Problem details >> Look for the word "with". Copy every line of the listing where it occurs.

Listed entries >>
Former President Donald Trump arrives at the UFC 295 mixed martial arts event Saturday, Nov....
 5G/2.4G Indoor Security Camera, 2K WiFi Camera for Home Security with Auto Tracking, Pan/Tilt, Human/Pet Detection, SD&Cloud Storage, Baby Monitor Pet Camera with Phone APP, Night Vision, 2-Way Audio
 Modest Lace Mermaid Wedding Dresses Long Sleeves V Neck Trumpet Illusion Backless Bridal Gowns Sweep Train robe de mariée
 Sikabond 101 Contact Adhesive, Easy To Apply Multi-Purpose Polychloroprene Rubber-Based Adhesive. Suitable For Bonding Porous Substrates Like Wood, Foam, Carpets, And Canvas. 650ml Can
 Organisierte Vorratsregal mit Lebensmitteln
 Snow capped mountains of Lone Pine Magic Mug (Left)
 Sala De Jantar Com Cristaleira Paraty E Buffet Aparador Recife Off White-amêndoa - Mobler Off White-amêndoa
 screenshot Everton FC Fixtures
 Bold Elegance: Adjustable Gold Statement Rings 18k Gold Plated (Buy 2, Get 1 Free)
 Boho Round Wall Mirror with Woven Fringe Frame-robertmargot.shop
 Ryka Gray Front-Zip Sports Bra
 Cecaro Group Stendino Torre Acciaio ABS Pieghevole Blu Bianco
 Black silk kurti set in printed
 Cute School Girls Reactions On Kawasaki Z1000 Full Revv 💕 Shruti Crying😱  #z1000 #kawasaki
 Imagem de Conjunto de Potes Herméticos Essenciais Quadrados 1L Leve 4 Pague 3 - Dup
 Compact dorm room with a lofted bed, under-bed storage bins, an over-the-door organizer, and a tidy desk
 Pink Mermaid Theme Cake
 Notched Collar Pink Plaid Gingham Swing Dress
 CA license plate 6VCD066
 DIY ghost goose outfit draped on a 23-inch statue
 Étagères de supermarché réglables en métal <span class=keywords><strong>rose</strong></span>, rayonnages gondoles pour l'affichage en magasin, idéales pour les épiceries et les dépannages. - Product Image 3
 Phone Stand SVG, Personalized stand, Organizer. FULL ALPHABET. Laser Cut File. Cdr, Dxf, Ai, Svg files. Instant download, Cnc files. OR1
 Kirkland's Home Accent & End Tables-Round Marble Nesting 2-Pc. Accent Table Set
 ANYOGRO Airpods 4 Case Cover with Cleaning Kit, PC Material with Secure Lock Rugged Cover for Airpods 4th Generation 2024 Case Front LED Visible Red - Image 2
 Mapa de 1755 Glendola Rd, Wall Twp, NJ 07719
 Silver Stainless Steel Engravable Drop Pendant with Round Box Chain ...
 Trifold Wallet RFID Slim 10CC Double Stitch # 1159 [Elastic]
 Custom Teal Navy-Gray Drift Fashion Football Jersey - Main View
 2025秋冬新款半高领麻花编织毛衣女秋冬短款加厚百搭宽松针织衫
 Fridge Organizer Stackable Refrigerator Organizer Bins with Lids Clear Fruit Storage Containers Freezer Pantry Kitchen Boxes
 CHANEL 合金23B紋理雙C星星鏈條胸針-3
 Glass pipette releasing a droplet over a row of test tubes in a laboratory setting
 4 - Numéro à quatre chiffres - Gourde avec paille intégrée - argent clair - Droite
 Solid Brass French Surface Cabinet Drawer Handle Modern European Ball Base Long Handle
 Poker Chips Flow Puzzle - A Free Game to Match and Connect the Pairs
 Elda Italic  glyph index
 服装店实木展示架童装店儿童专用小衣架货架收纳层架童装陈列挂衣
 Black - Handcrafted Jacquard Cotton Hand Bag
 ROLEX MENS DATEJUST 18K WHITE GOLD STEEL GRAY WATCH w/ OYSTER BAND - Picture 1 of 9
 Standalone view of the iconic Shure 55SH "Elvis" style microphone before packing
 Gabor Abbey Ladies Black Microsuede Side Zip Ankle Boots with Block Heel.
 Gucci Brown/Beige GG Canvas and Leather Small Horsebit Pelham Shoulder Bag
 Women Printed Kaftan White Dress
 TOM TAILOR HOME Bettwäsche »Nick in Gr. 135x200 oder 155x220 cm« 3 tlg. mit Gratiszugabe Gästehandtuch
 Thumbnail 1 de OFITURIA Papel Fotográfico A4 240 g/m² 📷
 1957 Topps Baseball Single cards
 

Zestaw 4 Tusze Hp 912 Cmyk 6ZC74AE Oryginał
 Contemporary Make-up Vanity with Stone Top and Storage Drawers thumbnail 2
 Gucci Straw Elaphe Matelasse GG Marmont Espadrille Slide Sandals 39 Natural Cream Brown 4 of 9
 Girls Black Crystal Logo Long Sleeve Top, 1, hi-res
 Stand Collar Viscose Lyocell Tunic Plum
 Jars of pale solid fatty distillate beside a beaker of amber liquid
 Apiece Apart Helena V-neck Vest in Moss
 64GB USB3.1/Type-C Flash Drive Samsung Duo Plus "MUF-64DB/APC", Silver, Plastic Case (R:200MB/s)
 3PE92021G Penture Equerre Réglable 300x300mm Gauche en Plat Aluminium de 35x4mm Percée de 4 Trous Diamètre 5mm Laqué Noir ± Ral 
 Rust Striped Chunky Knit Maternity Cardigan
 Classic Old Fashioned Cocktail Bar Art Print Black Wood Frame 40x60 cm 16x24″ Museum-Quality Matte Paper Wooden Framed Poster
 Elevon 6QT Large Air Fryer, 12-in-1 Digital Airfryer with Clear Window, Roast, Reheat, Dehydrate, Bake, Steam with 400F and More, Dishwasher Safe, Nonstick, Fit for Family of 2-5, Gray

Response to this exercise >>
 5G/2.4G Indoor Security Camera, 2K WiFi Camera for Home Security with Auto Tracking, Pan/Tilt, Human/Pet Detection, SD&Cloud Storage, Baby Monitor Pet Camera with Phone APP, Night Vision, 2-Way Audio
 Boho Round Wall Mirror with Woven Fringe Frame-robertmargot.shop
 Compact dorm room with a lofted bed, under-bed storage bins, an over-the-door organizer, and a tidy desk
 ANYOGRO Airpods 4 Case Cover with Cleaning Kit, PC Material with Secure Lock Rugged Cover for Airpods 4th Generation 2024 Case Front LED Visible Red - Image 2
 Silver Stainless Steel Engravable Drop Pendant with Round Box Chain ...
 Fridge Organizer Stackable Refrigerator Organizer Bins with Lids Clear Fruit Storage Containers Freezer Pantry Kitchen Boxes
 Gabor Abbey Ladies Black Microsuede Side Zip Ankle Boots with Block Heel.
 Contemporary Make-up Vanity with Stone Top and Storage Drawers thumbnail 2
 Elevon 6QT Large Air Fryer, 12-in-1 Digital Airfryer with Clear Window, Roast, Reheat, Dehydrate, Bake, Steam with 400F and More, Dishwasher Safe, Nonstick, Fit for Family of 2-5, Gray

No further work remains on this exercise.